レーンですしを回さない、新「スシロー」流生き方 入店から注文・会計まで非接触を貫き通す
東洋経済オンライン / 2024年5月27日 7時0分
日本の漁業が危ない。生産量はピークから7割減。輸入金額も増え、海外勢に買い負けている。一方、魚を獲りすぎず、資源を安定させなければ漁業の未来はない。
『週刊東洋経済』6月1日号の第1特集は「全解剖 日本の魚ビジネス」。われわれは魚をいつまで食べられるのか。
コロナ禍後も手堅い消費を続ける回転ずし業界。中でも回転ずしトップの「スシロー」を抱えるFOOD & LIFE COMPANIESが好調だ。
【図で見る】売上高、国内店舗数など、「スシロー」の親会社、「くら寿司」、「元気寿司」の3社を徹底比較する
5月10日に発表した2024年9月期の中間決算。売上高は1759億円(前年同期比22.8%増)、営業利益は123億円(同135%増)とで、過去最高に近い水準だ。通期でも過去最高営業益に迫る。
とくに利益面では国内スシロー部門の回復が大きい。
月次で見ると、2022年は10月に最安で黄皿の100円皿(税抜き)について、初めて値上げ。おとり広告の問題も重なり、客数を落としていた。
価格変動の「白皿」、100円皿復活などを連打
だが、2023年から価格を変動できる「白皿」を導入。高単価の商品を投入するとともに値下げ販促も実施した。創業40周年キャンペーンで100円の皿を復活させるなど、攻勢に転じ、同年8月から客数はプラスに転じている。既存店売上高も直近の2024年4月まで10カ月連続プラスだ。
くら寿司はセントラルキッチンを置くが・・・
国内店舗数653店(すべて直営)で首位のスシロー。コロナ禍やインフレを乗り越え、改めてその強さに磨きがかかっている。

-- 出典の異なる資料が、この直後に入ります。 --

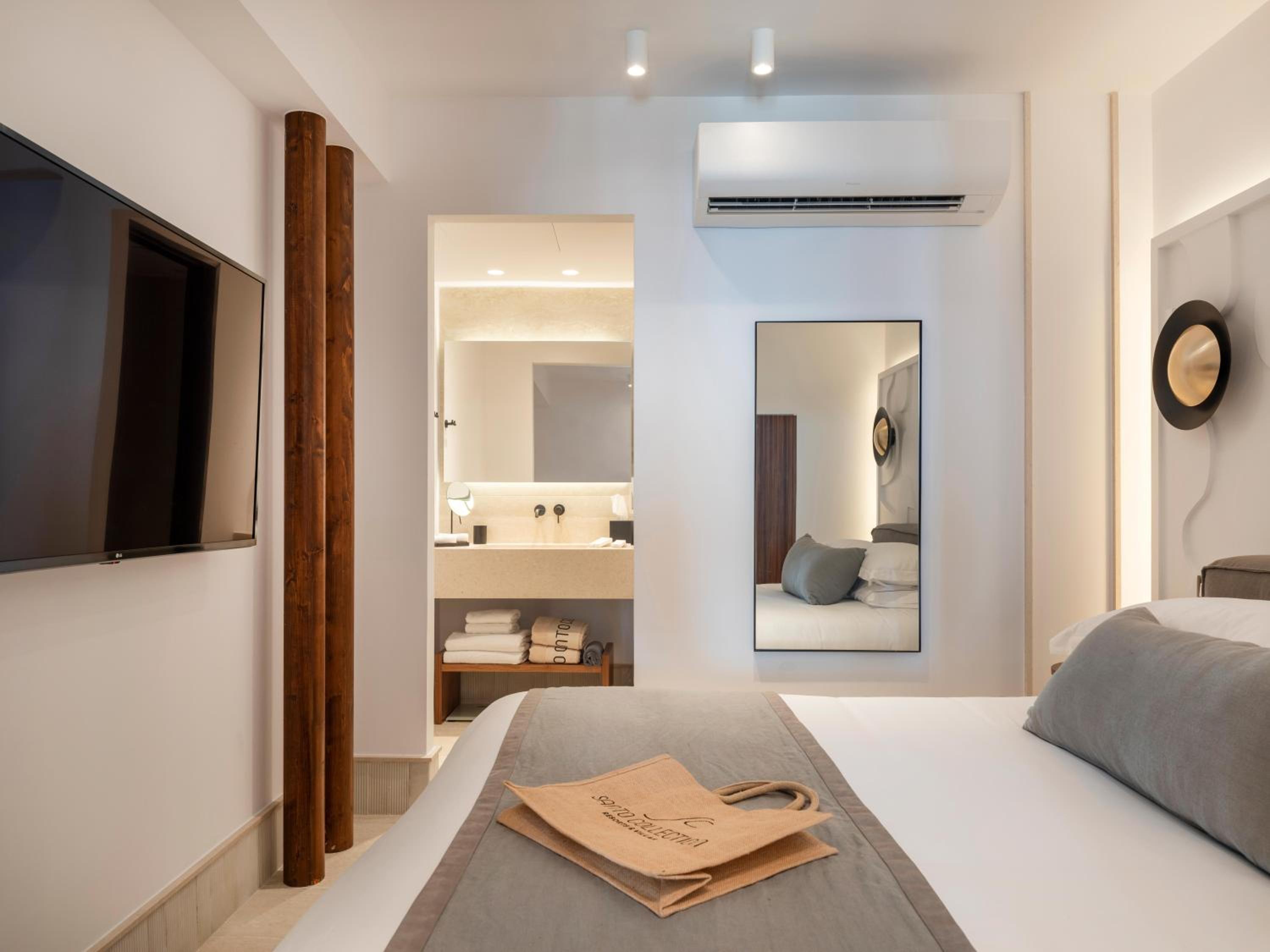 Santo Pure Oia Suites & Villas 42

強さを表す要素の1つが店舗の力だ。スシローがブレずに変えていないのが、店舗での人による作業。魚をすしの大きさに加工する切り付けだけでなく、天ぷらなどの揚げ物も店舗での最終調理にこだわっている。
一般的に多店舗展開する外食チェーンでは、調理を1カ所で引き受けるセントラルキッチンを導入する企業が多い。セントラルキッチンは最初にファミリーレストラン業界で取り入れられ、いわば工場として食材を生産し各店舗に配送する仕組み。各店のキッチンが簡略化されるため、コストを削減できるうえ味も均質化できる。
回転ずし業界でも、競合するくら寿司は、セントラルキッチンを抱える。大阪府や埼玉県にある工場で、魚を加工、店舗に配送する。一方でスシローは、セントラルキッチンを持っていない。商社から買い付けた食材は、外部の物流業者を通して保管したり、各店舗に送ったりしている。